(Beginning of Supplied material)

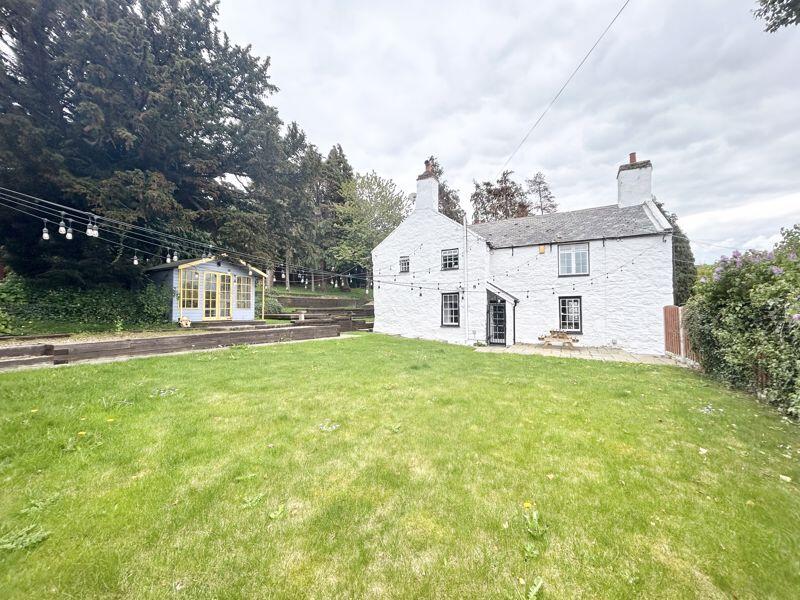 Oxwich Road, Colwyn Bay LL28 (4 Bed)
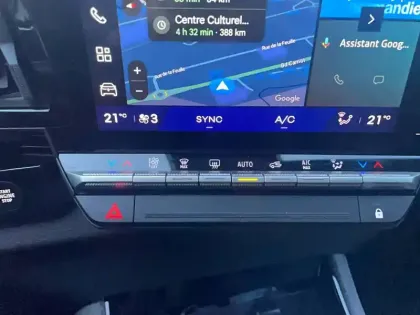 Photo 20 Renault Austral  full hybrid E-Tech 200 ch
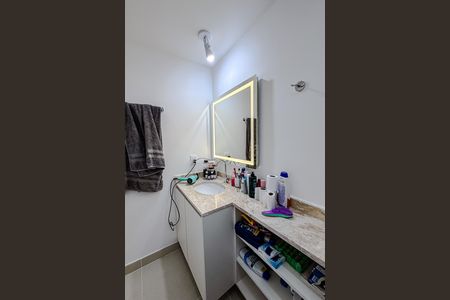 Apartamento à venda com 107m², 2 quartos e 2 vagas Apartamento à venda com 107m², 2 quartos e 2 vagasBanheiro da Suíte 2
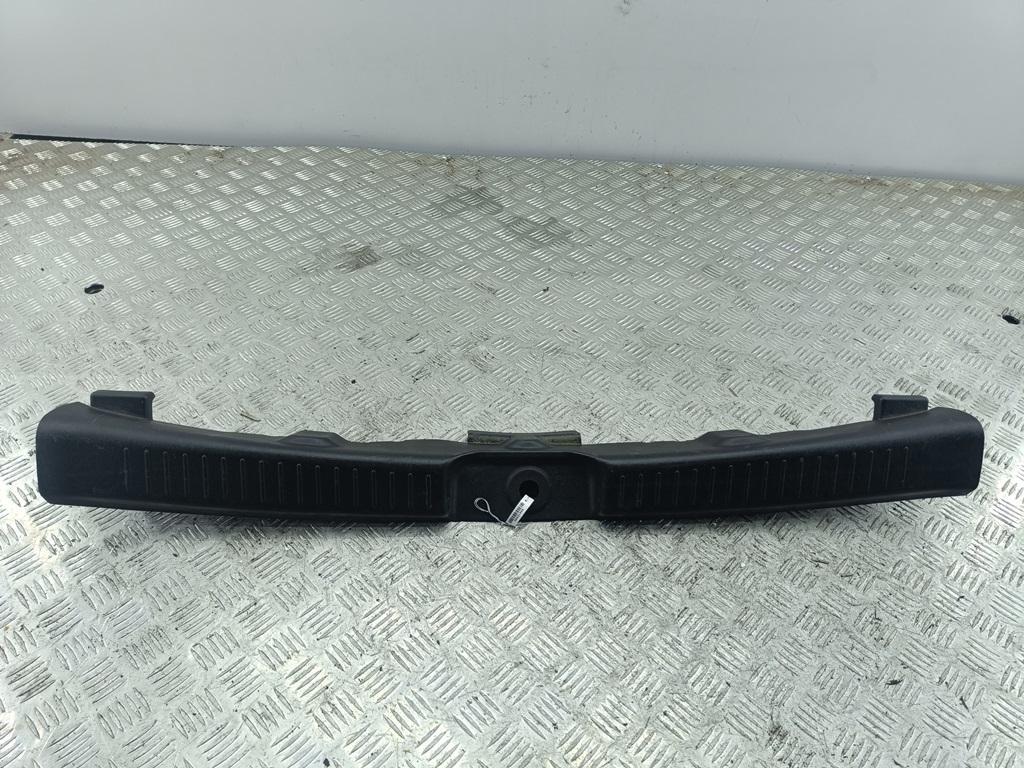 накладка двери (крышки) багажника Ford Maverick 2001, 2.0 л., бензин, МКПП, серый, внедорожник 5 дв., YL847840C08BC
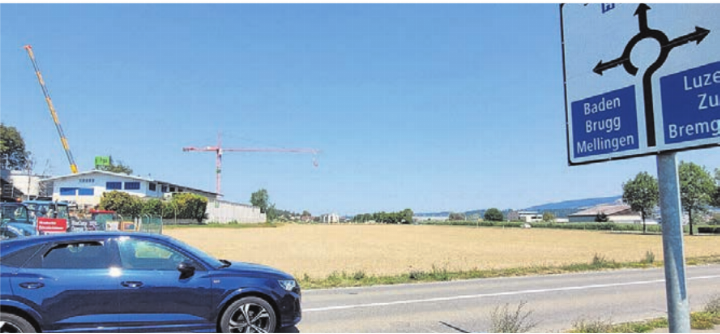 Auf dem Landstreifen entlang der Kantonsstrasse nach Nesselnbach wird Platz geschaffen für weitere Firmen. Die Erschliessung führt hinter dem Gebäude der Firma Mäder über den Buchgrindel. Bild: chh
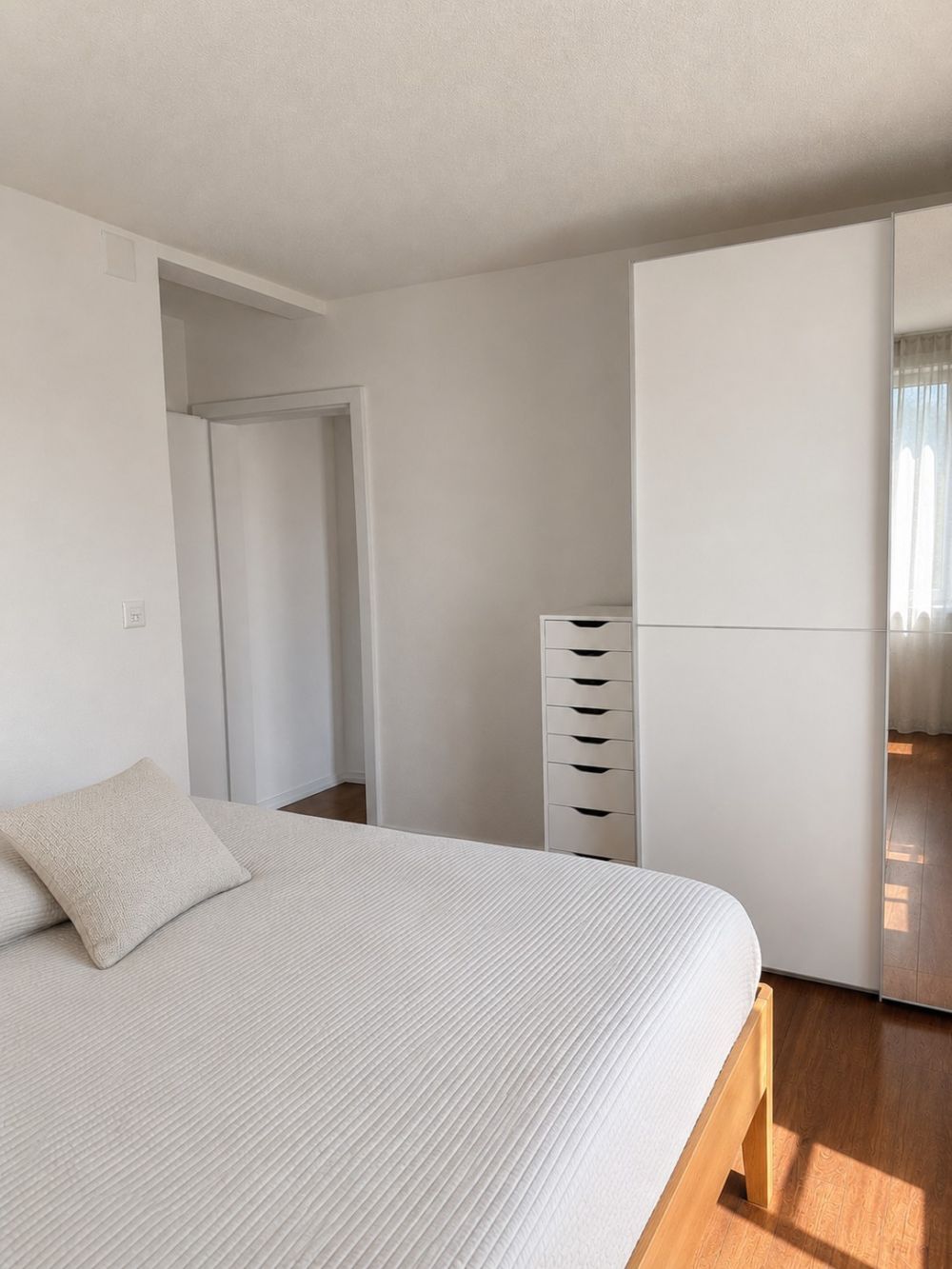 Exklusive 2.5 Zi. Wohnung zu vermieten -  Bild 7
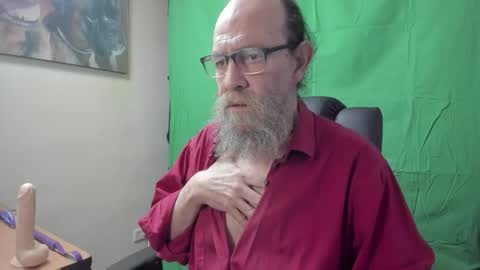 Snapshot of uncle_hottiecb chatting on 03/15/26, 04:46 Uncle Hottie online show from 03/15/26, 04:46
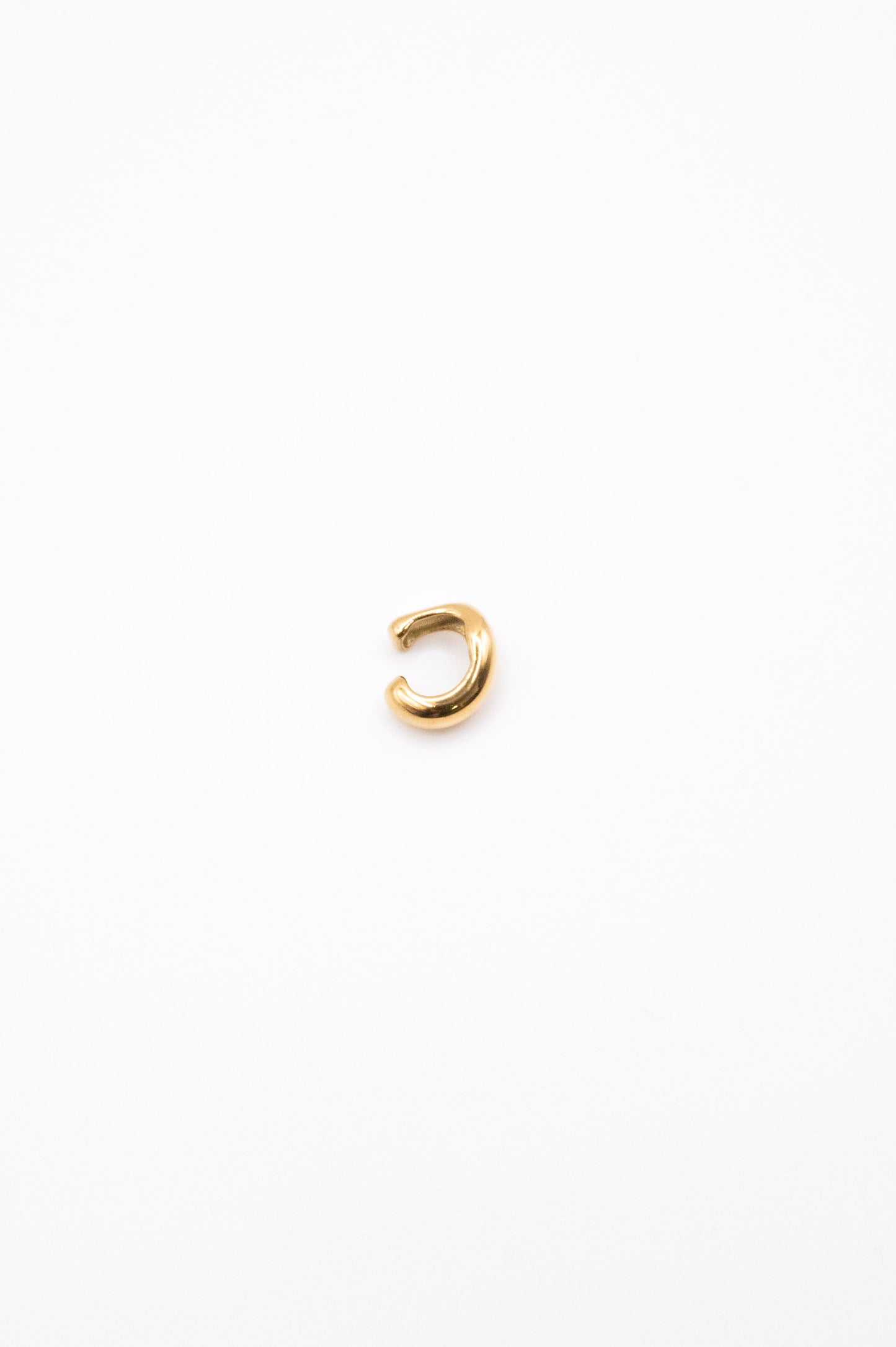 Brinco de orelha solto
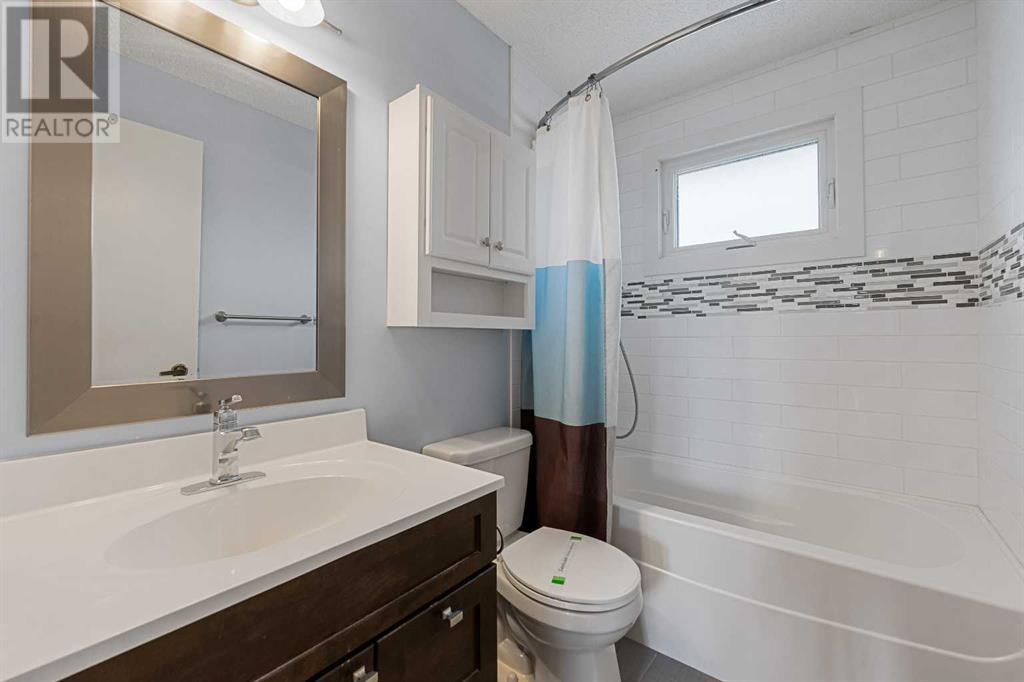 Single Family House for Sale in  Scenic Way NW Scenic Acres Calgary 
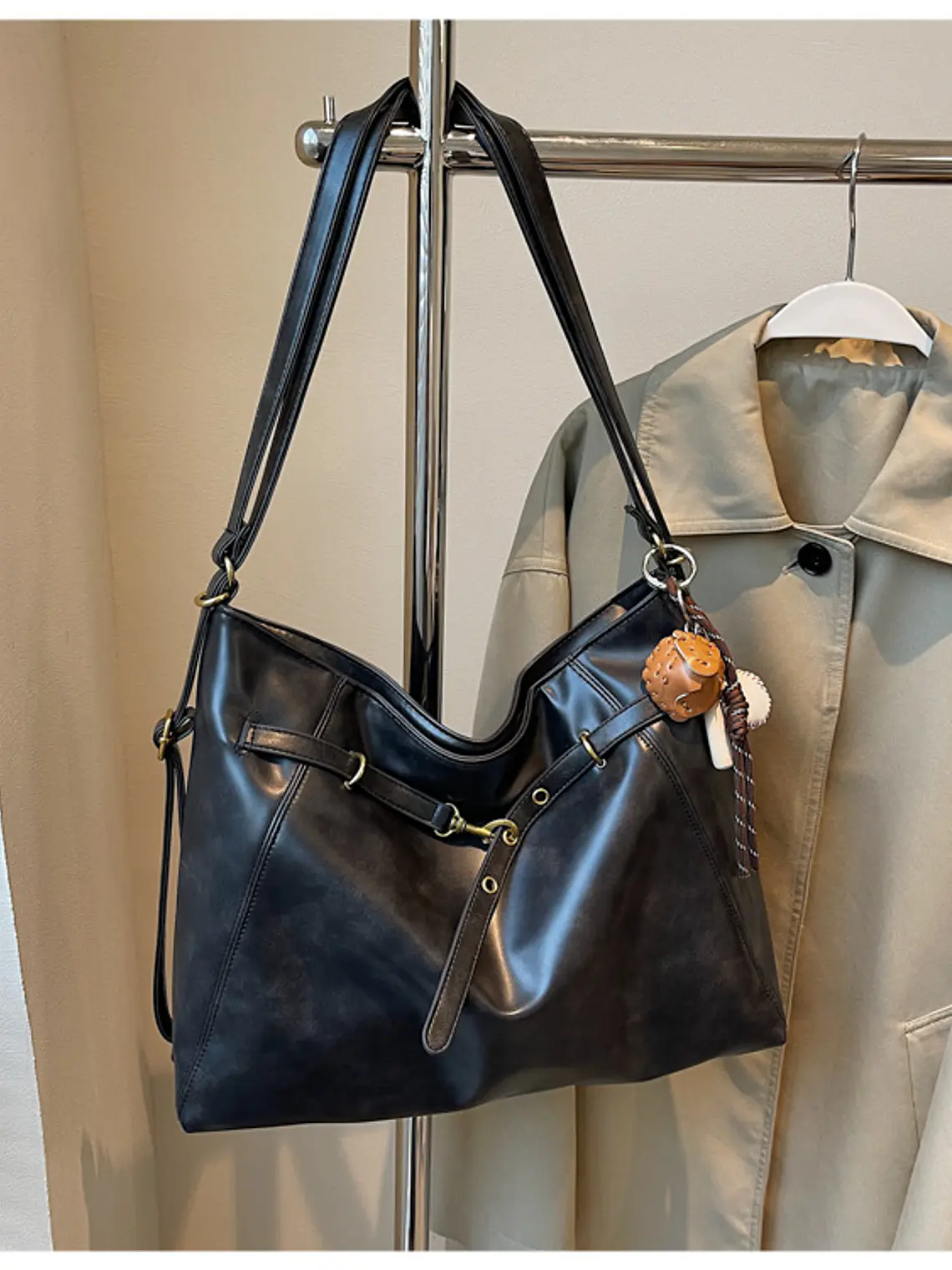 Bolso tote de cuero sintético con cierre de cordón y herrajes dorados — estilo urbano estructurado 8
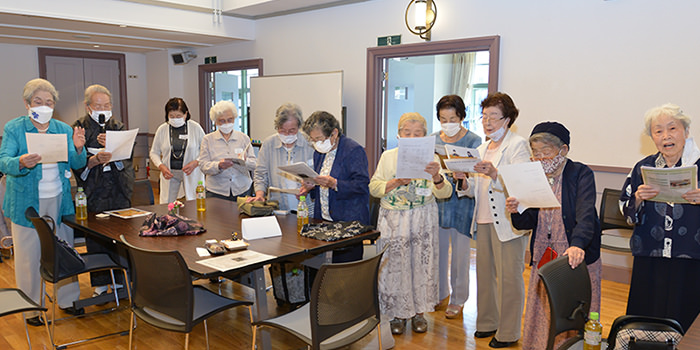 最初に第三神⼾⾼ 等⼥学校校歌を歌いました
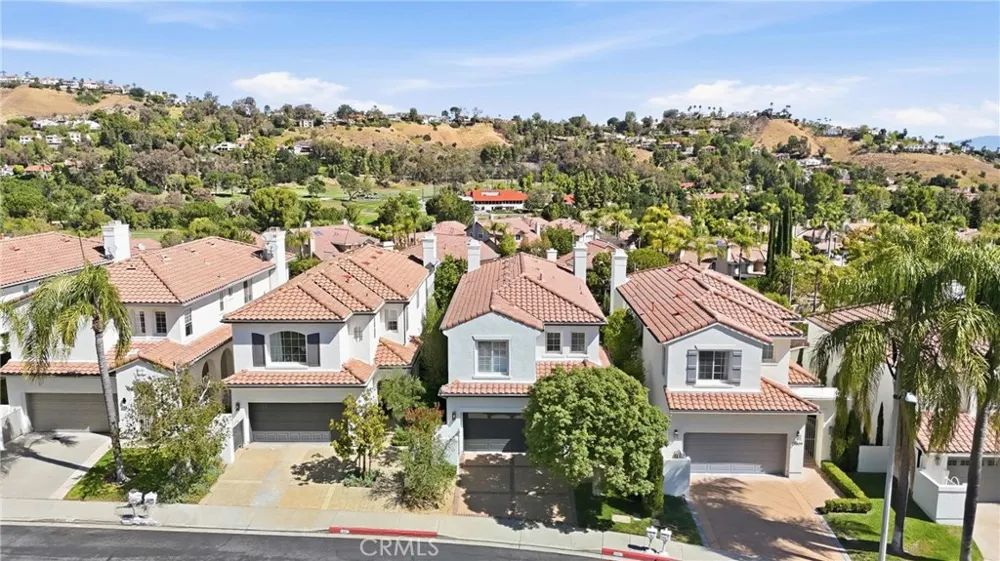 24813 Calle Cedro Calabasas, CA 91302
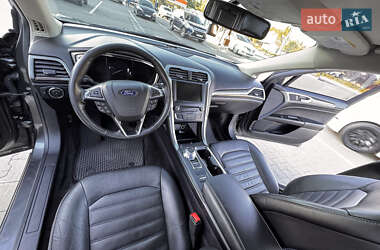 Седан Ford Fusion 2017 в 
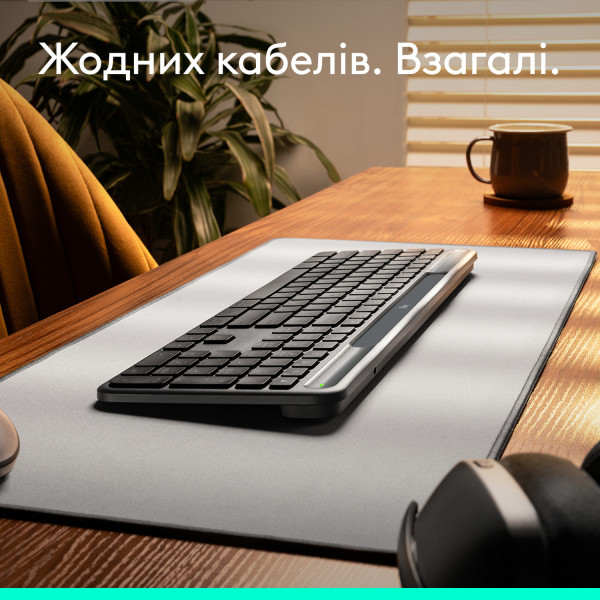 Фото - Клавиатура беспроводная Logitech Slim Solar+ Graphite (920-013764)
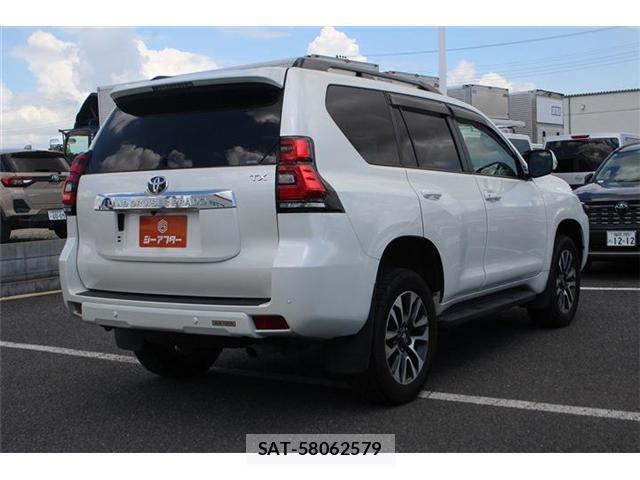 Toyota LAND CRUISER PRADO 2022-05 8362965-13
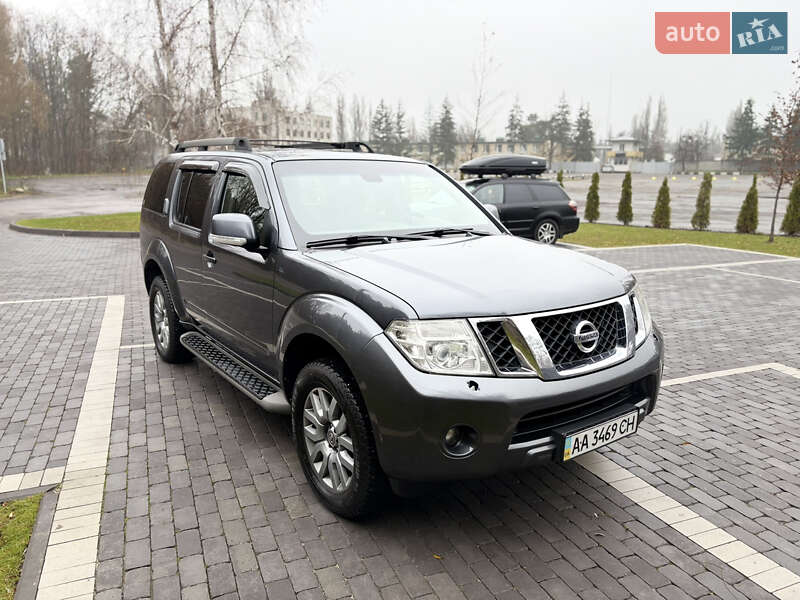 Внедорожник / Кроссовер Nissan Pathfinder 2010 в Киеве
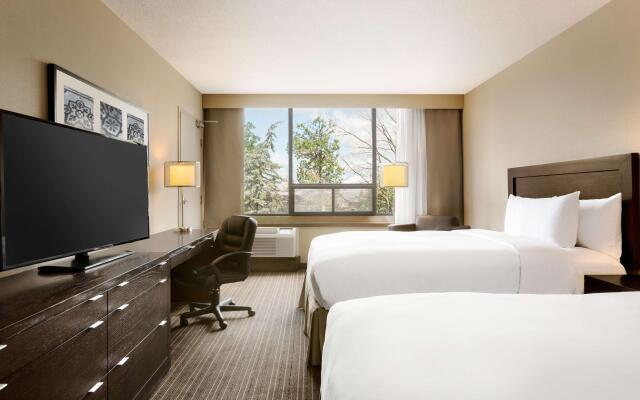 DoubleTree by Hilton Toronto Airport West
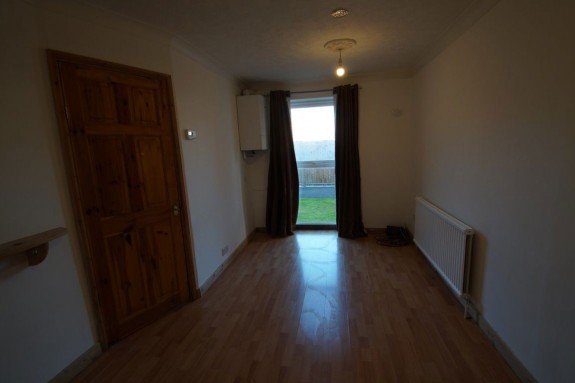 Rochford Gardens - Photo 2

(End of Supplied material)

Please retype the entries above word for word, but only from the line containing "Toyota LAND CRUISER PRADO 2022-05 8362965-13" through the last line, and without the pictures.

> [Solution]:
 Toyota LAND CRUISER PRADO 2022-05 8362965-13
 Внедорожник / Кроссовер Nissan Pathfinder 2010 в Киеве
 DoubleTree by Hilton Toronto Airport West
 Rochford Gardens - Photo 2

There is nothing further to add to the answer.